Bitshift chaos in JS & Python

Preface: work's been rather busy lately. Even though I constantly add blog ideas, I have not had the chance to properly materialise them into blogs proper. This post originated late last year.

I needed to do do some quick hashing of string into hex characters, with the following requirements/limitations:

input is string with length ~ 50 characters
output is unique hex (given input), shorter the better (perhaps 6 length?)
needs to be implemented in browser javascript, without additional libraries (md5/sha libraries are available plenty)
users do not control inputs, and ...
...does not matter if the hash is reversible, so security is not essential

I considered reimplementing md5, in the application, but the complexity it introduces seems to outweight the benefit.

So I came across this SO post, and implemented it, and everything seems fine... Until I needed to implement the same hash function in python.

Bitwise operator in python is actually exactly the same symbol as that in JS, << and >>. Just double checking, I did some quick REPL in JS vs python, and they seem to return the same results.

1 << 2 // return 4
10 << 10 // returns 10240

and in python:

1 << 2 # returns 4
10 << 10 # returns 10240

So I naively thought I just had to reimplement the entire function in python. I was wrong. And I had to learn this the hard way.

In JS, bitwise operation are carried out in int32, but python will use however many additional bits required to represent the number. This means, bitwise operation in JS will overflow (which is fine), bitwise operation in python will not overflow, but simply consume more memory.

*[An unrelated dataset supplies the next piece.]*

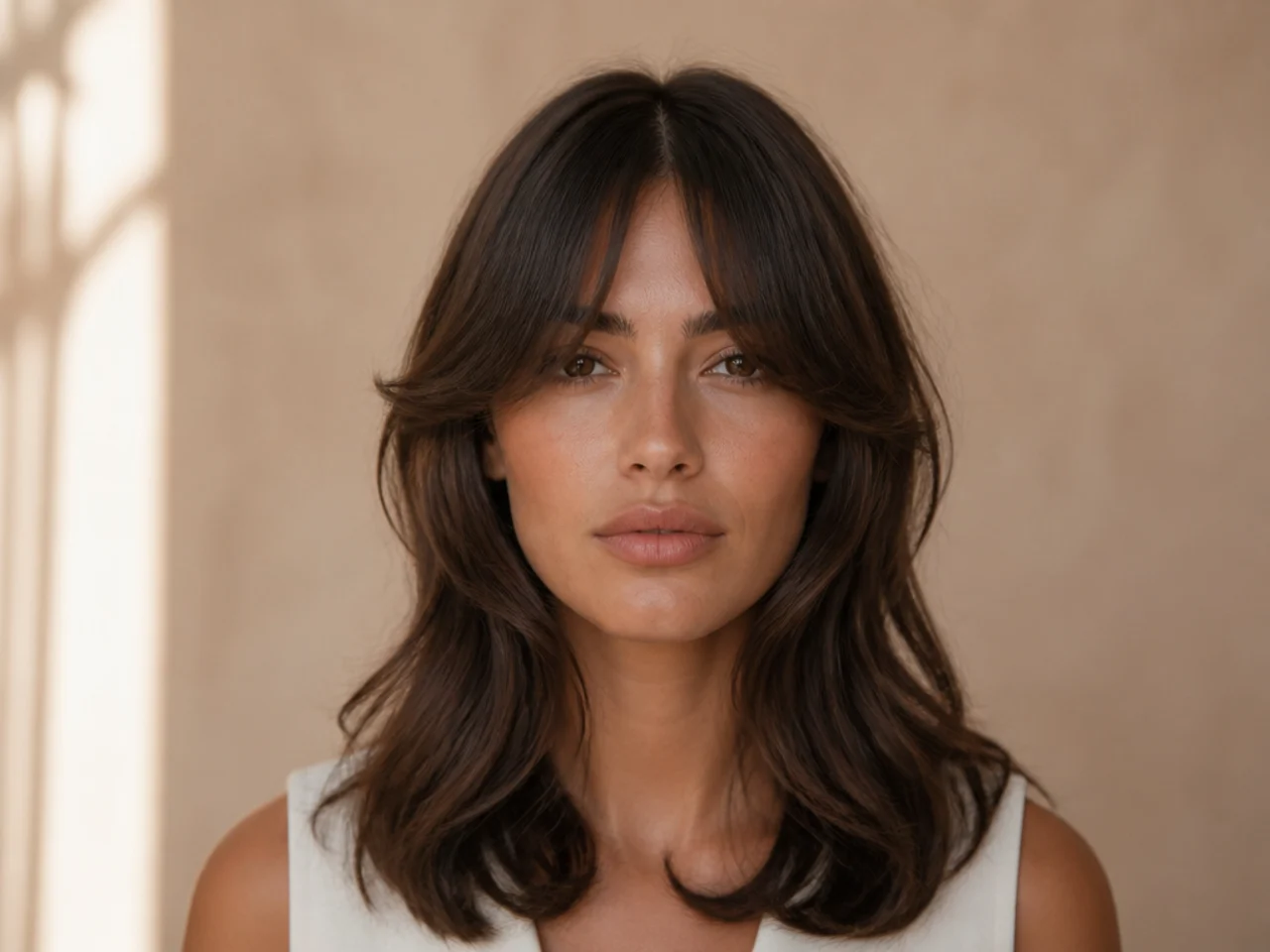 A fringe parted at the centre into two pieces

This also means, if the number gets too large, python and JS bitwise operation will diverse, if one is not careful:

In JS:

1 << 30 // 1073741824
1 << 31 // -2147483648
1 << 32 // 1

In python:


1 << 30 # 1073741824
1 << 31 # 2147483648
1 << 32 # 4294967296

The way I dealt with the problem is by casting the result to int32 (since numpy is already a dependency):

from numpy import int32
int32(1 << 30) # 1073741824
int32(1 << 31) # -2147483648
int32(1 << 32) # 0

PS.

1/ As I write this, I just noticed the edge case of 1 << 32, and it appears that it has been asked and answered before. The hashing code does not use << 32, so perhaps I am ... still safe? Programming is weird.

2/ As I am writing this, I noticed the second highest voted answer on the hashing question, make use of Math.imul, which is something I did not know existed. The hashing function has been in production for sometime now, and unfortunately cannot be swapped out, but I will keep what I learnt in mind.